There has been a multiplicity of schemes that targeted such poor only to ensure
that they remain at that level for granting political largesse through
bureaucratic extravaganza. This contextual frame helps one to look at the Food
Security Act 2013 of Government of India that provided staple food grains to
all the BPL families uniformly across the country. There has been a drubbing by
the Supreme Court over the mounting food stocks in FCI warehouses and people reporting
starvation deaths in one or the other part of the country that speeded up the
legislative process.
The Right to Food as a
fundamental right cannot be ensured by a series of intentions. In a country of
diversities in both economic (size of the poorer sections of population and
their identification differ across the States) and political spectrum, where
the resources for taking care of the poor have to be provided by the States
more than the Centre, a Central Act like the Food Security Act is more a
political gimmick than economic tool. This Act, to quote K.R. Venugopal, “is
like dropping a coin in the Bay of Bengal and searching for it in Indian Ocean.”

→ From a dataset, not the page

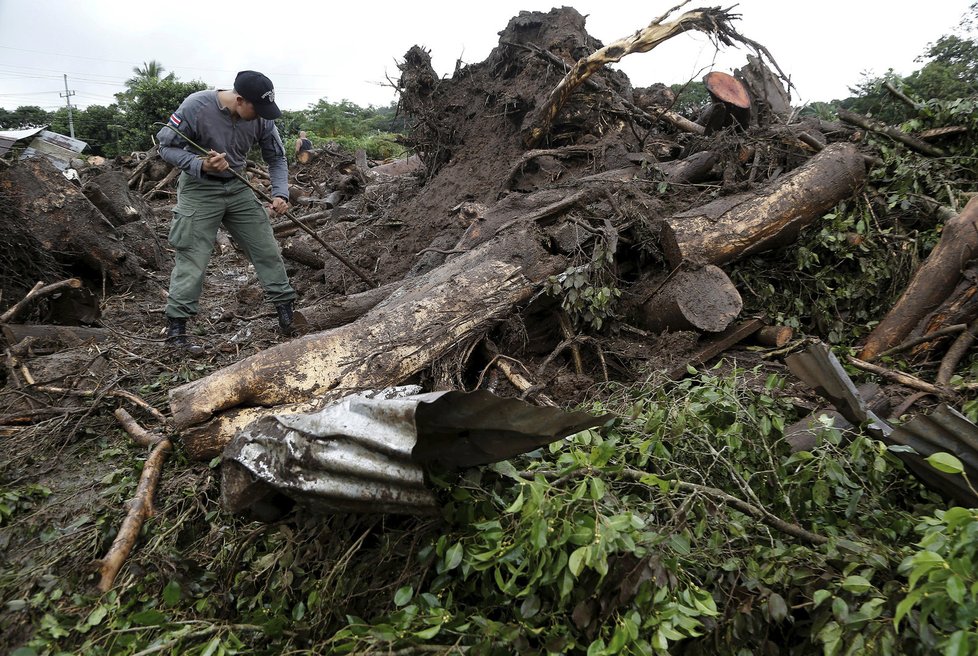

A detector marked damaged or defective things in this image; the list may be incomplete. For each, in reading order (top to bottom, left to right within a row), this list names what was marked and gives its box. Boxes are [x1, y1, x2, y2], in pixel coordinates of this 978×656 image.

Several fundamental needs like water, sanitation and power are as much
essential as mere food and without them the food security could turn out as
insecure. Even after 66 years of independence we have more than 40 percent of
villages not having access to safe drinking water and secured health.

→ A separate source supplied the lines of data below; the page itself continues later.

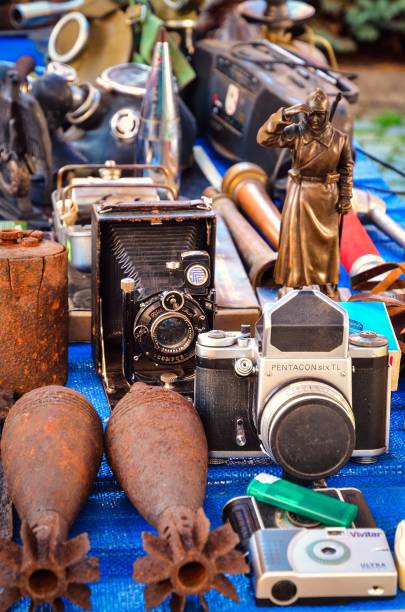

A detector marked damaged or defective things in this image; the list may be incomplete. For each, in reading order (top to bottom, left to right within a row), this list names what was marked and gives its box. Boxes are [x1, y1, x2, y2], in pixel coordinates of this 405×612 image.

rusted metal surface [0, 231, 67, 396]
rusted tin can [0, 231, 67, 396]
rusty metal cylinder [0, 231, 67, 396]
rusted metal surface [204, 186, 276, 290]
rusty metal cylinder [205, 185, 278, 288]
rusty metal cylinder [221, 163, 280, 251]
rusted metal surface [221, 163, 280, 251]
rusted tin can [0, 384, 102, 608]
rusty metal cylinder [0, 384, 102, 608]
rusted metal surface [0, 384, 103, 608]
rusty metal cylinder [105, 380, 207, 528]
rusted tin can [105, 382, 246, 612]
rusted metal surface [105, 382, 248, 612]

It is unfortunate that the key
observations of FAO in its paper on the State of Food Insecurity in the world
2011 have received only lip service:
"A food-security strategy that
relies on a combination of increased productivity in agriculture, greater
policy predictability and general openness to trade will be more effective
than other strategies;
Safety nets are crucial for
alleviating food insecurity in the short term, as well as for providing a
foundation for long-term development;
High food prices present
incentives for increased long-term investment in the agriculture sector,
which can contribute to improved food security in the longer term. (IFAD, WFP and
FAO, 2011)."
Schedule II of the Act contains provisions relating to reforms to the
agricultural sector that needed attention. Assuring sustained increase in
production consistent with the growing requirements of the Act and the
resources that the States should provide for implementing the Act are vital
components of the agenda but receive scant attention. As the CACP points out “Assured
procurement gives an incentive for farmers to produce cereals rather than
diversify the production-basket…Vegetable production too may be affected—pushing
food inflation further.” If these cereals do not find attractive prices and
specific support prices for those that are part of the food security system,
there would be serious consequences for the farm economy.
“Priority Category”: Definition of the poor has come into serious
controversy lately. The criteria have to be fully in public knowledge. While
the Act specified that the records have to be transparent and in the public
domain, there is no timeframe for doing so by the States. So is the case for
another requirement under the Act: “that the States shall put in place the
needed information, communication and technology systems in place.”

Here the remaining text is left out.